PROBLEM TO WORK ON:
Repeat, exactly as written, the lines from the one with "View of front" to the final line of the listing, and keep every picture out.
(MATERIAL PROVIDED begins)
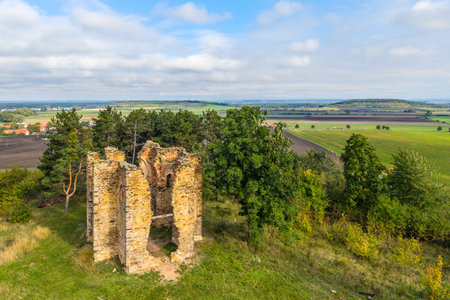 Explore the ancient ruins of the Chapel of the Exaltation of the Holy Cross in Bristev. The remnants rise amid lush greenery and pastoral fields, showcasing a blend of history and nature.の写真素材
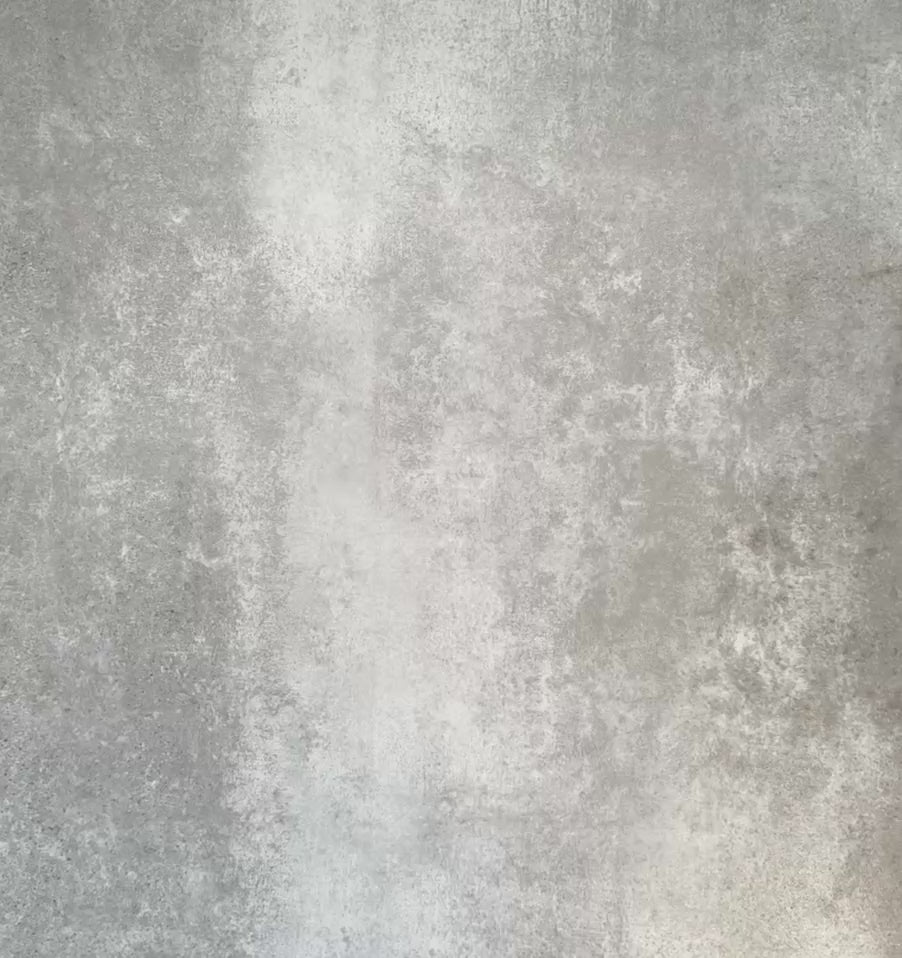 Video showing Almeira Azteca Moroccan-style porcelain tiles laid on a floor, highlighting the bold black and white geometric pattern and how the 20x20cm tiles repeat seamlessly across the space.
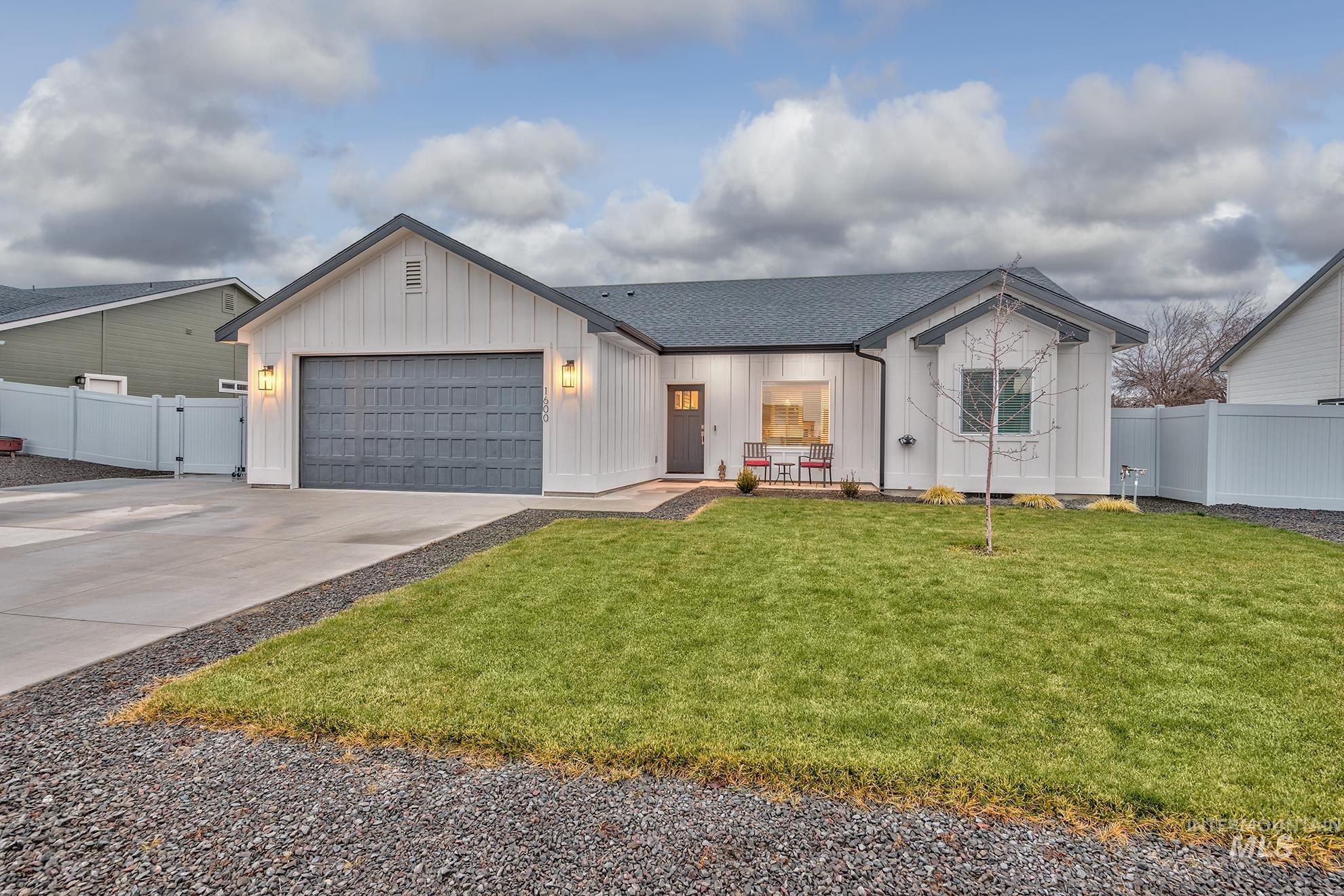 View of front of home with board and batten siding, driveway, a shingled roof, and an attached garage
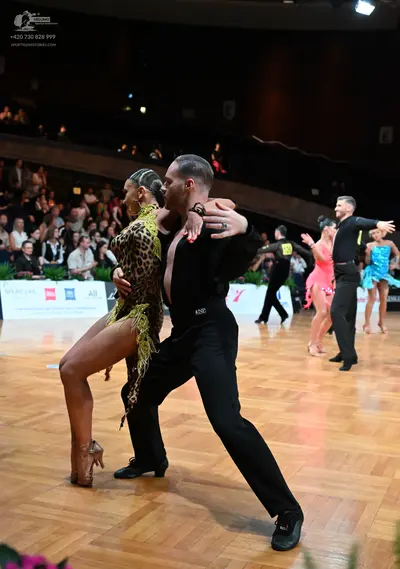 Dancesport competitor: Foreground female dancer: leopard-print latin dress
(MATERIAL PROVIDED ends)
TASK RESPONSE:
 View of front of home with board and batten siding, driveway, a shingled roof, and an attached garage
 Dancesport competitor: Foreground female dancer: leopard-print latin dress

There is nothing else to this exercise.